As an old adage puts it ‘Sunlight is the best form of disinfectant.’ Sometimes fresh air and sunlight are what is most needed to allow something to heal. It is the core principal of much therapy that it is by remembering and talking we bring into the light what is old and half forgotten but still poisoning us and others in our lives. And the very process of bringing something up to the surface and into the light changes it – heals us, takes some of the sting and shadowy power away, and helps us begin to change and grow into freedom.
So all this self examination is not simply because some strange people enjoy pain – although there are a few no doubt – or because people think they are not worthy to gather up the crumbs under the table and deserve no better – although at one level that is true enough. All this self examination is so that we can invite the light into our lives, including all the embarrassingly not nice corners of our souls and lives.

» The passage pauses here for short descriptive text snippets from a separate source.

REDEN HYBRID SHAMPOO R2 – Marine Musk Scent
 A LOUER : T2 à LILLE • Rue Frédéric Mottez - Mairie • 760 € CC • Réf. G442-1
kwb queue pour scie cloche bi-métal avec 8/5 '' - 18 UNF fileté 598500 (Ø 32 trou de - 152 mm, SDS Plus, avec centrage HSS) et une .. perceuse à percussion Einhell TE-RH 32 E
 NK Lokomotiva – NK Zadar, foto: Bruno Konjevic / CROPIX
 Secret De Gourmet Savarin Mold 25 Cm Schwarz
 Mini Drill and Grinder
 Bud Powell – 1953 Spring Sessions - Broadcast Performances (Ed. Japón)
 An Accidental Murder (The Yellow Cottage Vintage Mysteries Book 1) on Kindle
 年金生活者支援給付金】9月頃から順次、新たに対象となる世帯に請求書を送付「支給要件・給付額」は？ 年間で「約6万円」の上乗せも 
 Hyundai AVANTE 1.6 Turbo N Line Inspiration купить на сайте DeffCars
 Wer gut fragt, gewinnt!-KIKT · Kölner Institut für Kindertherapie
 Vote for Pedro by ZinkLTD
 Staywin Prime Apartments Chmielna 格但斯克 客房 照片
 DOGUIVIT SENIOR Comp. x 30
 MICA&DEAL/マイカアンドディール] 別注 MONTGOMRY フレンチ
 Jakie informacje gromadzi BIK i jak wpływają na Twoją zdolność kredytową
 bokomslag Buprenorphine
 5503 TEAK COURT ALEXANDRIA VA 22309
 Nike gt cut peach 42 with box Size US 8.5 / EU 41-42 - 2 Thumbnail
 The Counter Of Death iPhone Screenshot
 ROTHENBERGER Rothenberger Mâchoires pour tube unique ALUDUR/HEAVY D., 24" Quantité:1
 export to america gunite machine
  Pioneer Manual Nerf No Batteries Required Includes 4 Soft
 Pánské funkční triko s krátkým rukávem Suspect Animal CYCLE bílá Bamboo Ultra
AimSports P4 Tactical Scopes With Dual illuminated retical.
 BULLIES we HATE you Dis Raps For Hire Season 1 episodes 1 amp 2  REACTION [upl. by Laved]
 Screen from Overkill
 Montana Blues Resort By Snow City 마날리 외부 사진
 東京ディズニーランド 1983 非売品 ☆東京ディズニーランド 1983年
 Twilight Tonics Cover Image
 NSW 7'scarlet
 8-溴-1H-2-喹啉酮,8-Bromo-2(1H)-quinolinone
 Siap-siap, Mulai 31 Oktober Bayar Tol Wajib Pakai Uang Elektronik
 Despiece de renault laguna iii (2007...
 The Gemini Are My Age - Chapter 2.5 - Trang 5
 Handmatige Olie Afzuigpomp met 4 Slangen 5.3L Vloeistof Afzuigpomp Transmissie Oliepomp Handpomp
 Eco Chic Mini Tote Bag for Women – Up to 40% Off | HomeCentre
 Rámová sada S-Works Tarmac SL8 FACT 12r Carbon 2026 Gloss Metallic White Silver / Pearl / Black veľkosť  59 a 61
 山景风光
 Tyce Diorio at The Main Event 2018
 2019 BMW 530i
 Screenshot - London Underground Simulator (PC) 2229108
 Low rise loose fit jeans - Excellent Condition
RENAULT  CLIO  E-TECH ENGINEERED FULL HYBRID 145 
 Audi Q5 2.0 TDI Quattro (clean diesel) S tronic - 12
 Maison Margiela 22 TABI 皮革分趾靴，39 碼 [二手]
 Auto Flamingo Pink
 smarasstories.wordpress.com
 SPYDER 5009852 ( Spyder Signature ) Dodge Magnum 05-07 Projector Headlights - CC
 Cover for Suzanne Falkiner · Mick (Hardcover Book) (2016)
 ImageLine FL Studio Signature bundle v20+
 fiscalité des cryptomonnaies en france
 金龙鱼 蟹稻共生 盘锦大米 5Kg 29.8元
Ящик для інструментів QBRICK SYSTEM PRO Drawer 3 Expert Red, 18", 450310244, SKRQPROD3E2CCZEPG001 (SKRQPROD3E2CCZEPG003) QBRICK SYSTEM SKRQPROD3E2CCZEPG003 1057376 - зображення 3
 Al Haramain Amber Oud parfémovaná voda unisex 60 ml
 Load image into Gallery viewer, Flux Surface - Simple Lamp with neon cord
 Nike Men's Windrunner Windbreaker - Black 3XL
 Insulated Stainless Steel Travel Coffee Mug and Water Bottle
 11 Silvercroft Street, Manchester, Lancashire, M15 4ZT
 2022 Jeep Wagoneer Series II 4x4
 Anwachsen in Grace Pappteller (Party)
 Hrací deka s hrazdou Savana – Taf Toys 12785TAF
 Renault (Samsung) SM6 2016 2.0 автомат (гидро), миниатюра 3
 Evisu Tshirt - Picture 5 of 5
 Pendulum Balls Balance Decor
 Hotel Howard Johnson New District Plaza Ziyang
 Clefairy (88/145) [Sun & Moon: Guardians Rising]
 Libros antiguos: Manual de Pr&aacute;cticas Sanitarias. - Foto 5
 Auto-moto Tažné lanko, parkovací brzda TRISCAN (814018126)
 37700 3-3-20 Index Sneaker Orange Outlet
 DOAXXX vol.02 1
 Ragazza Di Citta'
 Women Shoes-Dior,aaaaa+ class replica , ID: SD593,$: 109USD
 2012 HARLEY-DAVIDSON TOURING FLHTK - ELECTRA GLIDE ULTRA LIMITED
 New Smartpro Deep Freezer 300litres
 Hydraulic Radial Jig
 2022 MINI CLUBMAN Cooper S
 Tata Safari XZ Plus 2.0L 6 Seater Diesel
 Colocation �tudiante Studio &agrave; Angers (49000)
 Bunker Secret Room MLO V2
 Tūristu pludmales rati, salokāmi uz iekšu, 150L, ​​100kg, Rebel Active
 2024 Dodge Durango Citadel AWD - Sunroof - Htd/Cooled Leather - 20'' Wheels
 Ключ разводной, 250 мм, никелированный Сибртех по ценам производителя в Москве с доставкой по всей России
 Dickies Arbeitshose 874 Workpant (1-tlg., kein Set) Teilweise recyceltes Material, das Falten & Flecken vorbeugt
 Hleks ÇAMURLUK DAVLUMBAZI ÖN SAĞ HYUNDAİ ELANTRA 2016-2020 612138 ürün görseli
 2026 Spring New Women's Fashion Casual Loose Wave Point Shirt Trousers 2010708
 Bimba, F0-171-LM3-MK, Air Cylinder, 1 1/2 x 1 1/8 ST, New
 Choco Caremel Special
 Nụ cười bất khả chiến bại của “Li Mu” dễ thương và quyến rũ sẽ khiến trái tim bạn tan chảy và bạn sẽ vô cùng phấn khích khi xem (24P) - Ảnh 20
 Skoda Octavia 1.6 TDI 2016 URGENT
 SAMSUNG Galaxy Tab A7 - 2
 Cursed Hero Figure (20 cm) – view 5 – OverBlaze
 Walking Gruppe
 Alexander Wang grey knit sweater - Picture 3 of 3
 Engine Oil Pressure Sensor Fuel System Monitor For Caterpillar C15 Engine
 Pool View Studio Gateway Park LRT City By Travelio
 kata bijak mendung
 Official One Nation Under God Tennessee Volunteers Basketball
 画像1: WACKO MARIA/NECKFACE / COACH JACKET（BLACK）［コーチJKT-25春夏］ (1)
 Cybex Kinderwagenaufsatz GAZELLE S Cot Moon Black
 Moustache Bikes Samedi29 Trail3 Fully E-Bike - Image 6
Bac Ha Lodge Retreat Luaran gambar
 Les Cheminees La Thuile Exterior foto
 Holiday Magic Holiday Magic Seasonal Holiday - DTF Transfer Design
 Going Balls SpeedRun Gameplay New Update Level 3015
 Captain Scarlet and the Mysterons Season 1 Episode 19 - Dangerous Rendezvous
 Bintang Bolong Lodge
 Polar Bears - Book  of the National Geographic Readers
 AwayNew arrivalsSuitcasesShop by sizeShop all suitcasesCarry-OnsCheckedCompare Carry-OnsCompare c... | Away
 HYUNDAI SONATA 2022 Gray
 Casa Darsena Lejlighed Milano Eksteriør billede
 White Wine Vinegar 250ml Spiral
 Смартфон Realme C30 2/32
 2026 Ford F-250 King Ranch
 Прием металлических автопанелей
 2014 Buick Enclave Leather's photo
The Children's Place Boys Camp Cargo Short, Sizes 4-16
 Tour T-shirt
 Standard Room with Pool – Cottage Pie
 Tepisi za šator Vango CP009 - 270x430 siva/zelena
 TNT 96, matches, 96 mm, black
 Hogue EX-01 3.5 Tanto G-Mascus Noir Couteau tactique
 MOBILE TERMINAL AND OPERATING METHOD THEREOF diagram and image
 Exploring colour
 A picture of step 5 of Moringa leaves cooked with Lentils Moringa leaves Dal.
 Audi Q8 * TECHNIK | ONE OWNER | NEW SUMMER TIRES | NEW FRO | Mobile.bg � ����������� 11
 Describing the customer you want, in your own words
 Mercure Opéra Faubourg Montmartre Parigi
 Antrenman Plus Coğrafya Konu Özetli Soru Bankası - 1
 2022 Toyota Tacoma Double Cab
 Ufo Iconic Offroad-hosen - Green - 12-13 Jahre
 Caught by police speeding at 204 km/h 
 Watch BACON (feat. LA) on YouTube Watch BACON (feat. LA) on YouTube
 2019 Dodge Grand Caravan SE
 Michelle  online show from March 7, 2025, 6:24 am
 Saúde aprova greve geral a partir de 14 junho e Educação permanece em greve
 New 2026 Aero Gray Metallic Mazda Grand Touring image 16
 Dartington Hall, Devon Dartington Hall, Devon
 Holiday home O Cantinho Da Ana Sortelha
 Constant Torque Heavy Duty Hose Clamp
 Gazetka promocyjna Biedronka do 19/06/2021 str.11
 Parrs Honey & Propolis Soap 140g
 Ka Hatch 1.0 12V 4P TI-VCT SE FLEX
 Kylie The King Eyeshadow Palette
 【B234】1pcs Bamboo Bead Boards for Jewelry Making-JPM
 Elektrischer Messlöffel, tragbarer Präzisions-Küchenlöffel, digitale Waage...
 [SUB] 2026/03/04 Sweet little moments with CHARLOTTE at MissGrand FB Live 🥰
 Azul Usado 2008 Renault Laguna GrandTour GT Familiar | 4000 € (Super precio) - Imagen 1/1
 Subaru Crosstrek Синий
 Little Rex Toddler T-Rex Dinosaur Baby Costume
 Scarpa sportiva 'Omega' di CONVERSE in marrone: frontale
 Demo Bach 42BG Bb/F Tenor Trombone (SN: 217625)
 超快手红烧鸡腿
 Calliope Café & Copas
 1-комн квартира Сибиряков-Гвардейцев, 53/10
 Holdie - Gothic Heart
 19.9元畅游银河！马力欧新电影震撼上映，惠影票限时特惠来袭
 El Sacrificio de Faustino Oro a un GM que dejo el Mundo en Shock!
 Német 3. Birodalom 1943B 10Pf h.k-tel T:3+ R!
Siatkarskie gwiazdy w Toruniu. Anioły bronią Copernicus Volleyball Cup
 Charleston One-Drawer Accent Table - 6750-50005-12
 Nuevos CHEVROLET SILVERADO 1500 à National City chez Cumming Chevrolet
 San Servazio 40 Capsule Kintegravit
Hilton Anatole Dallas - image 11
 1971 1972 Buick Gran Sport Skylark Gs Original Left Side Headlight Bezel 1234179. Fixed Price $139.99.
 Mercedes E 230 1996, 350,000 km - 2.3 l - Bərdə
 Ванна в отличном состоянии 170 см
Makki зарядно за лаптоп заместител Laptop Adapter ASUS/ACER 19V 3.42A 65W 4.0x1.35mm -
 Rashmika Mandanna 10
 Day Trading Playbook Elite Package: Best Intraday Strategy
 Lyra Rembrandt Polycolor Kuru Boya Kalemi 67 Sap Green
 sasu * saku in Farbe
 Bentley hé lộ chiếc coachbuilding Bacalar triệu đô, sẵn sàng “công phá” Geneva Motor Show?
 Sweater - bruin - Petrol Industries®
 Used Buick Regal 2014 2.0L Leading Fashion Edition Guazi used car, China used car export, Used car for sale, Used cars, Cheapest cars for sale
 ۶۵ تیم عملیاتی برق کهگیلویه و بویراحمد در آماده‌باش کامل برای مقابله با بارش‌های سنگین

But it is not an easy process for there are great forces of resistance – denial of sin, minimising, rationalising … the list of defences against the grubby truth is long. In what ways are we blind? What parts of our life do we keep in the dark hoping God can’t see us and hoping that we won’t have to deal with it? Many of us prefer to suffer than to change, than to accept healing.
Part of the gift of Lent or any process of reflection and self examination – of having the light shone in and things revealed to the light – is that we might find that even those aspects of ourselves that we despair of can be seen differently. For the God who chose as King a young boy full of promise and flaws also chooses us, sees us in such a way that we are remade.
We are seen as we are not in order to be judged and rejected but in order to be loved and encouraged into our fullness! What we and others disregard or disapprove of may just be the wound that allows us to compassionately and humbly serve others. The gift and inconvenient passion we suppress may just be the charism or gift that the world needs more of. And the energy that we spend protecting, containing, disapproving of aspects of our selves (and usually others as well) may just be better spent giving over every aspect of our selves to the transforming light of Christ so that we can become more fully the one who God knows and sees and calls.
Even so, come Lord Jesus Christ of the journey, companion us into a new way of seeing.